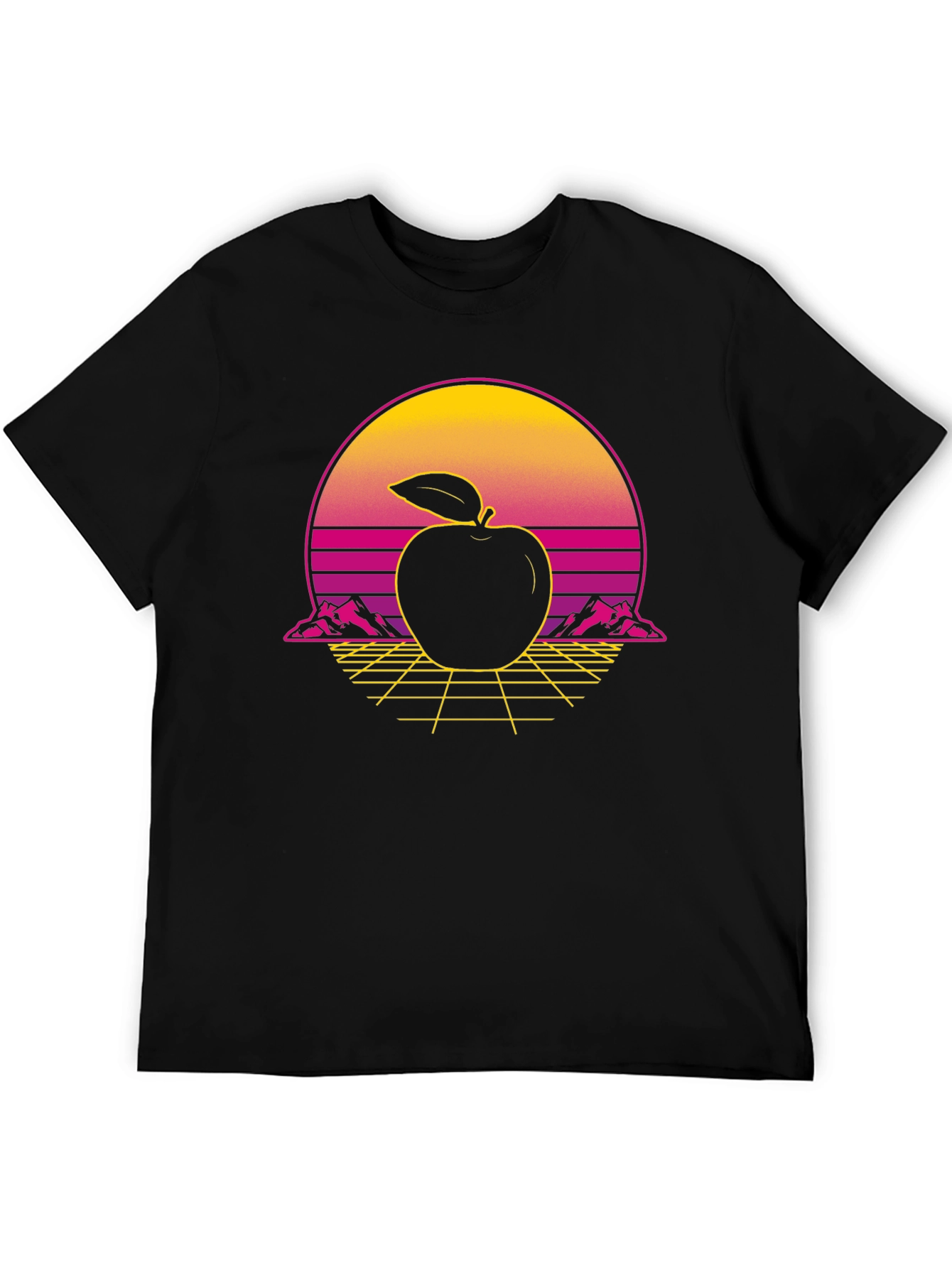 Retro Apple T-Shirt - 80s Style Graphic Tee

************

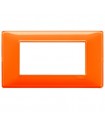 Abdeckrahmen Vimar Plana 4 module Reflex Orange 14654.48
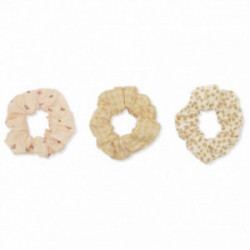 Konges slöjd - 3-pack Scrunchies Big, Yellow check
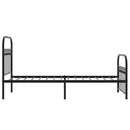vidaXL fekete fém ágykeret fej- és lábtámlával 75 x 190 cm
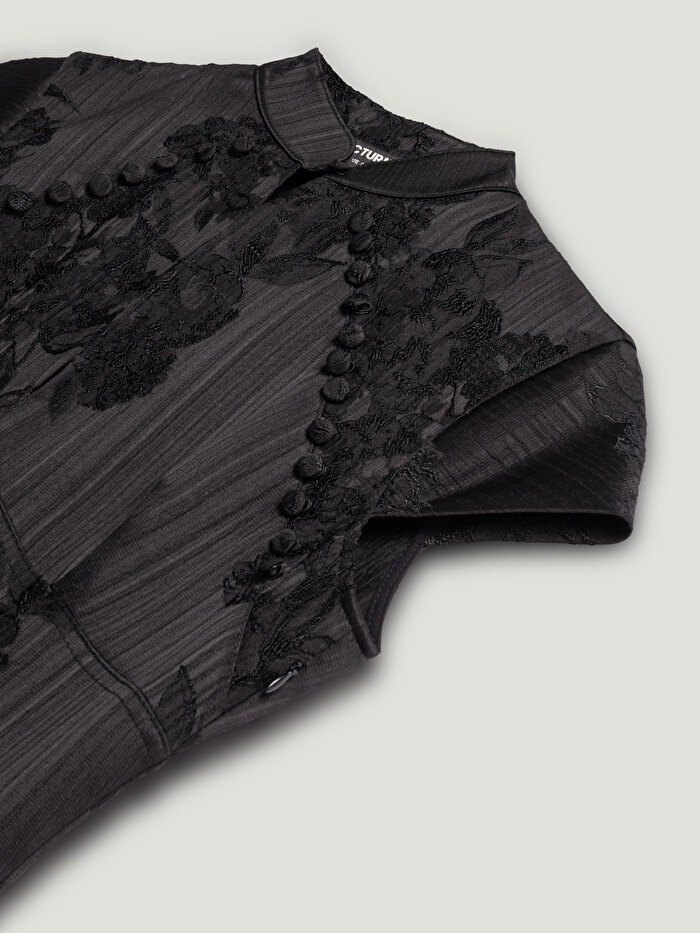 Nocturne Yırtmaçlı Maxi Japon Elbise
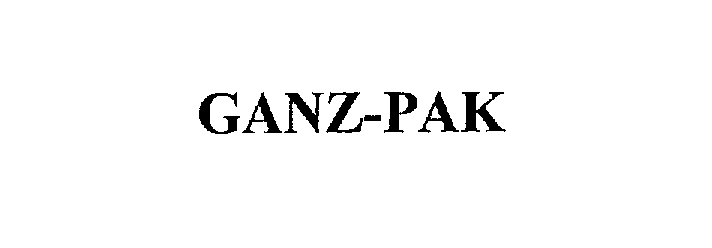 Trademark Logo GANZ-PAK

************

» **Your assignment**
Output exactly the lines above that lie between the line with "Konges slöjd - 3-pack" and the line with "Trademark Logo GANZ-PAK", those two lines included, and no pictures.

» **Exercise solution**
 Konges slöjd - 3-pack Scrunchies Big, Yellow check
vidaXL fekete fém ágykeret fej- és lábtámlával 75 x 190 cm
 Nocturne Yırtmaçlı Maxi Japon Elbise
 Trademark Logo GANZ-PAK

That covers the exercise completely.